有楽町と東京駅の真ん中くらい、ガード下にこの昭和テイストな店がある。うまいサンドウィッチを出す店で、テイクアウトとイートインでいつもワサワサしている。いかにも昭和な店を切り盛りするのはタメ年男で、僕の高校時代のダチ公だ。おっ、書きつつ思った。ダチ公って死語だな。高校時代のことだからふとこの言葉が出たが、僕自身もう何年も使っておらず思わず笑ってしまった。
さて、昭和の不親切グルメガイドとしては、冒頭の解説をたよりに出かけてみていただきたい。すっきりと素朴なサンドウィッチは、彼が始発で出勤して作ったものばかり。どこかのセンターから運ばれてきて並べるのとはまったく異なる。が、値段はそんなデリバリーものとほとんど変わらないのだから、その苦労は想像にたやすい。加えて完全なるワンオペで、もうおそらく20年以上続けている。いつ行ってもキビキビと動いてて頭が下がる。
この近くに取引先が入っているビルがあり、そこの帰りには寄ることにしている。外からのぞき忙しそうなときはそのまま帰る。先日寄ったときは珍しく店内に客がおらず、久しぶりに束の間の同窓会だ。たわいのない話ながら、互いの日々の苦労がにじみ出てしまうのはおっさんゆえか。10代だった俺たちは、やはり歳をとったようだ。歳相応の見た目になったことを口には出さない2人の間で、時間はドンドン昭和へと戻っていく。15歳当時のバカな会話をしばし楽しんでいると、カップルが入って来て僕は店を出た。滞在時間は5分少々だと思うが、巡った時間は30年以上だ。

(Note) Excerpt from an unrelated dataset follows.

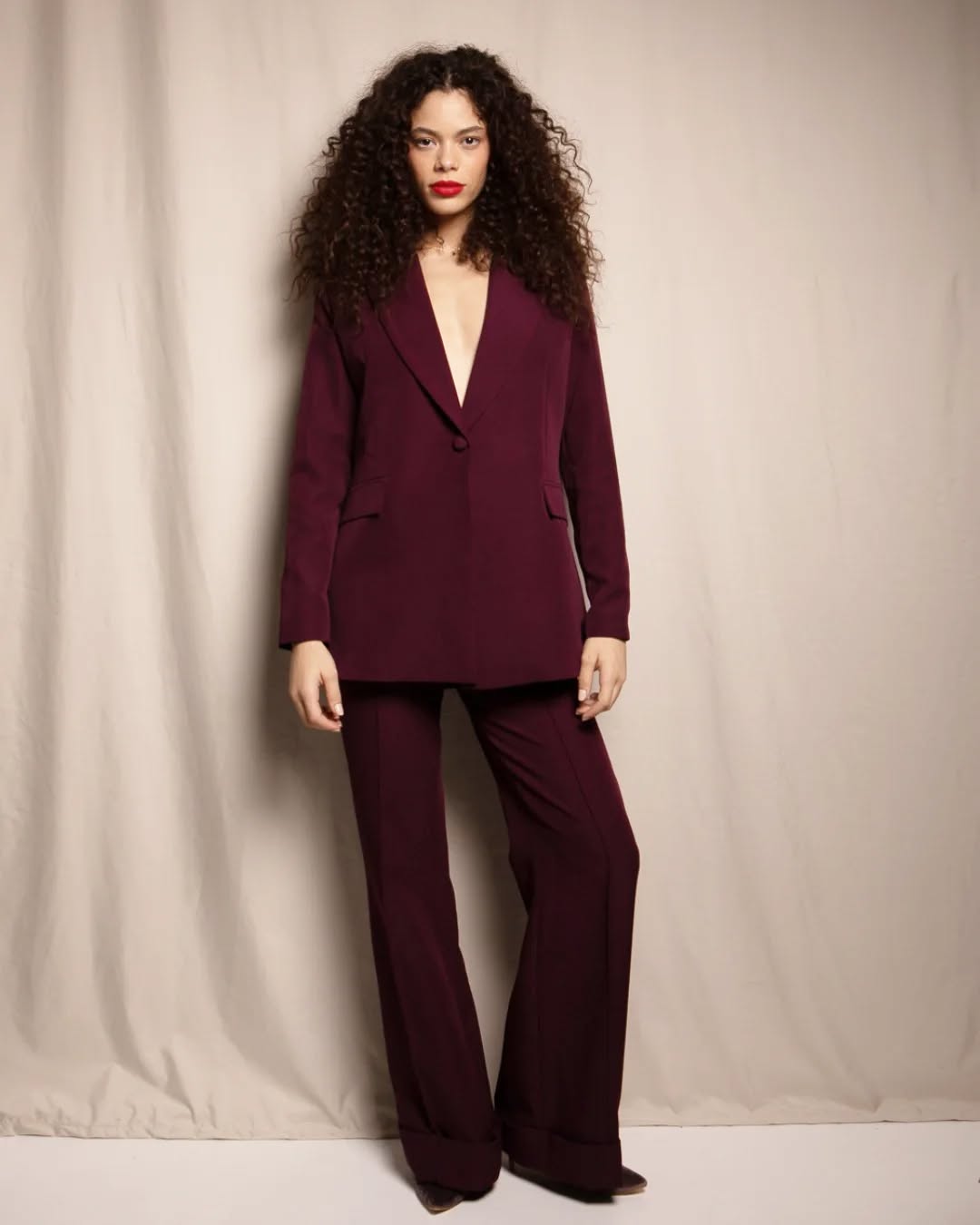 Femme portant un costume bordeaux avec un blazer à col en V et un pantalon assorti, cheveux bouclés et rouge à lèvres rouge.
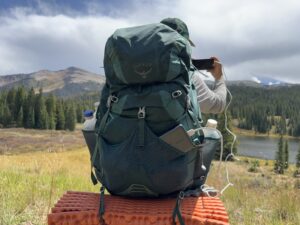 A hiker has their back to the camera while taking a photo. The phone is hooked up to the UGREEN charger in the back pocket of the pack. There are trees and a mountain lake in the background.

10代の頃にはその時代にしかないつらさや苦しさがあった。それ分かち合った俺たちだから、わずか5分の中にさまざまなシンパシーがあり思いがけず楽しい時間になった。「近いうち呑もう」と言葉にしかけたが、おそらく無理だろうと引っ込めたのは50歳を過ぎた男から感じた疲れからだろうか。ダチ公の前では僕もすっかり自然体で、同じように疲れを見せていたのかもしれない。彼からも呑むという言葉は出なかったのは少々寂しいものだ。じゃまたな、ダチ公。